**Problem requirements**
Among the entries that follow, locate the line with "BE PREPARED TO DELIVER2." and the line with "2차 공공기관 지방 이전 핵심 정리｜350여 곳 검토와 중앙행정기관 세종 이전". Output those lines and all lines in between, exactly, minus the pictures.

**Supplied information**

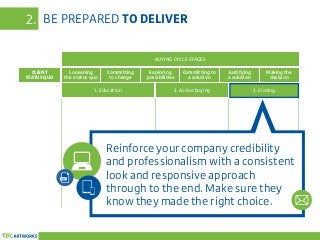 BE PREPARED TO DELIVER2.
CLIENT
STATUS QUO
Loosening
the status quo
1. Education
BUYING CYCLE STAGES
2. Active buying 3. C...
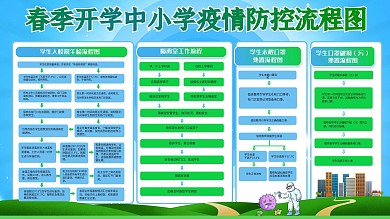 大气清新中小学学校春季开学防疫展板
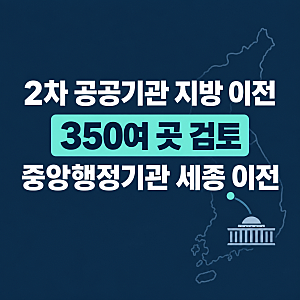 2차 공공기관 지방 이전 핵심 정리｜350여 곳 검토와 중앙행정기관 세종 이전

---

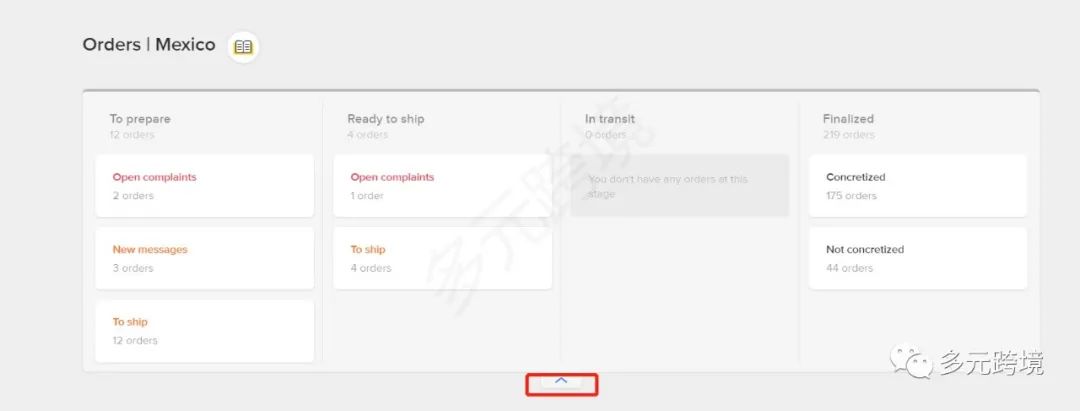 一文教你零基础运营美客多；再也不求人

**Written response**
 BE PREPARED TO DELIVER2.
CLIENT
STATUS QUO
Loosening
the status quo
1. Education
BUYING CYCLE STAGES
2. Active buying 3. C...
 大气清新中小学学校春季开学防疫展板
 2차 공공기관 지방 이전 핵심 정리｜350여 곳 검토와 중앙행정기관 세종 이전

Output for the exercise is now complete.